Refugee and Asylum Seeker Environmental Conservation
As part of its Ethnic Environmental Participation project, which covered Edinburgh and Glasgow, the Black Environment Network reached out to refugees and asylum seekers to open up existing programmes of environmental activities to benefit the lives of ethnic minorities. BEN designed a programme of free activities for their enjoyment, including workshops at the Edinburgh Botanic Gardens and visits to the countryside. These took them away from bleak surrounding and lives that were without a focus, rife with frustration and boredom. Over time, a sympathetic relationship of trust was formed. They knew that BEN had no ulterior motive but to benefit their lives.
Giving something back
One day, a group came to us saying, “Scotland has been kind to us through you, what can we do to give something back?” BEN then went on to design another series of activities, introducing them to a range of thing to do to care for and protect nature so that they could decide what they would like to do. They gravitated to tree planting.
Making it happen
BEN worked with the Scottish Refugee Council and the British Trust for Conservation Volunteers (BTCV) to develop a series of monthly outings to Cashel Forest, to support a project aiming to recreate Scotland’s natural woodland ecology. On a mountain overlooking Loch Lomond, Cashel Forest for a Thousand Years is one of many Millennium Forest for Scotland projects.
Recognising personal experience, embodying contemporary history
The Scottish Refugee Council offered training and support to BTCV staff to help them understand cultural diversity and the issues faced by asylum seekers and refugees. Then from January 1999, the volunteers took part in a mix of practical and educational activities including tree planting, charcoal burning and traditional woodland crafts.
A special plot was selected, which participants named the Eagle plot, since the eagle is a bird with an important niche in the forest ecology of Scotland, who is recognized by people in most countries of the world. There were 200 trees planted there at the last count.
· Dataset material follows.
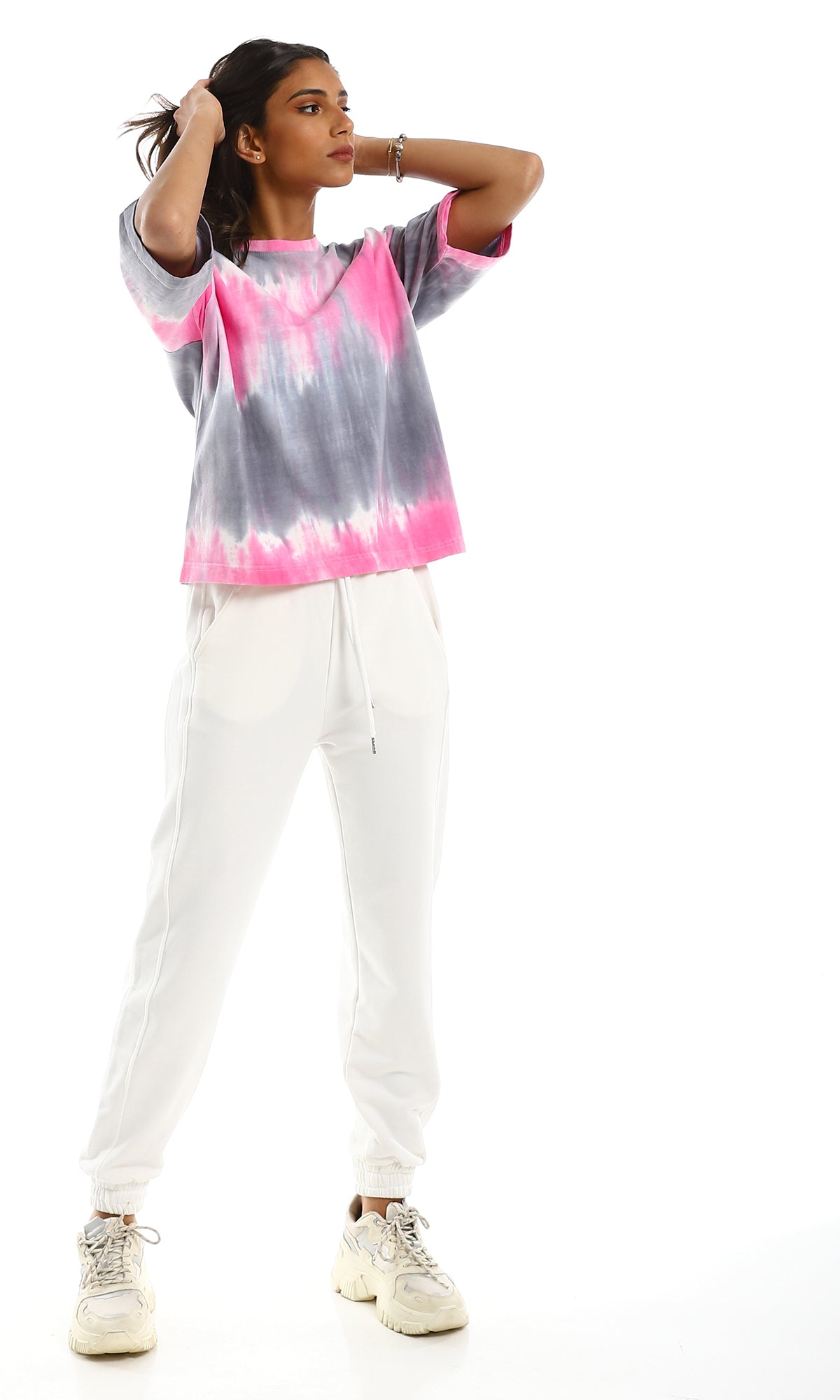 Pink & Grey Tie-Dye Oversized Crew Neck T-Shirt - 97151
However, because of the richly human context in which BEN works, they did not just focus on doing good to nature. They proposed that each tree they planted should be dedicated to someone they had lost or had to leave behind. Each person designed their own ceremony to dedicate the tree, drawing on religious, cultural and spiritual sources. They regularly return to visit and care for their trees in this place, which has become sacred to them.
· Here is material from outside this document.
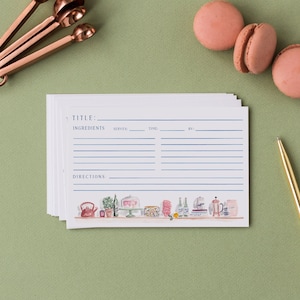 Cartes de recettes pour étagères de cuisine - Jeu de 12 ou 36 cartes, tailles 4 x 6 et 5 x 7 pouces.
As a result of the vision of the refugees and asylum seekers, this is not just a forest of green for the future. Many of the asylum seekers and refugees come from the familiar run of trouble spots so well known to us – Bosnia, Iraq, Somalia... This forest is a forest of memory and a marker of the contemporary history of civil strife, war and oppression that we are all living through.
Building on learning from this project, BTCV’s Environments for All programme went on to extend access to Cashel Forest, plus a range of other urban and rural conservation opportunities, to many socially excluded groups in Scotland, including ethnic community groups.
In 2004, BEN facilitated a networking trip for young men from Manchester to Cashel Forest to experience conservation volunteering. BEN is working with Tree Aid New Sudan Project and Red Rose Forest to develop a reforestation project for the North West of England.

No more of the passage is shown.